First the bomb attack @ Ansbach, Bavaria, Germany and a report - in an IS magazine - that the suspect:
...had fought with al-Qaeda affiliate Jabhat al-Nusra. It appears that Daleel later pledged allegiance to Islamic State of Iraq and the Levant (Isil) after the 2013 split from Nusra....he left Syria to seek treatment after he was wounded in a mortar attack. He travelled on to Germany posing as a refugee.
(From another source) He was to be deported to Bulgaria under the EU’s Dublin rules, but the move was delayed by his claims of ill health.
Link:http://www.telegraph.co.uk/news/2016...-questions-ov/

Leaving aside whether any agency could have id'd his past in Syria, there is the scale of migration into Germany in 2015, over a million people.

Second yesterday's murderer in a church in Normandy, France:
The 19-year-old was under police supervision and wore a tag following his release in March after 10 months of preventative custody for trying to go to Syria....Ordered to live at his parents’ home, he was allowed out between 8.30am and 12.30pm on weekdays, and from 2pm to 6pm on weekends.

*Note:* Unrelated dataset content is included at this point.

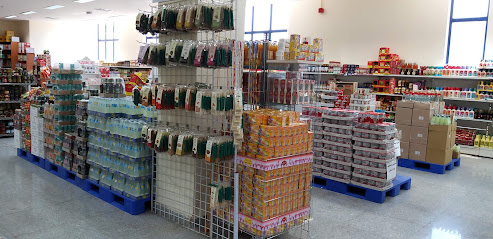 مركز لوازم العائلة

He was, therefore, within his rights to be out at the time of the attack...
Link:http://www.telegraph.co.uk/news/2016...adel-kermiche/

Taking a wider view a French-Algerian commentator:
The vast majority of the terrorists who have now slaughtered some 250 people in separate incidents across France over the past 18 months were just as well known to the authorities as Kermiche. Many were meant to be in prison, or – again like Kermiche – at least reporting to their local police stations under strict bail terms. Instead they were given more than enough freedom to move across borders and acquire the arms necessary to carry out their carnage pretty much anywhere they chose.
Link:http://www.telegraph.co.uk/news/2016...-stop-jacques/

Kermiche clearly was a "hard case" to change, but France has almost no such state capability (like Germany).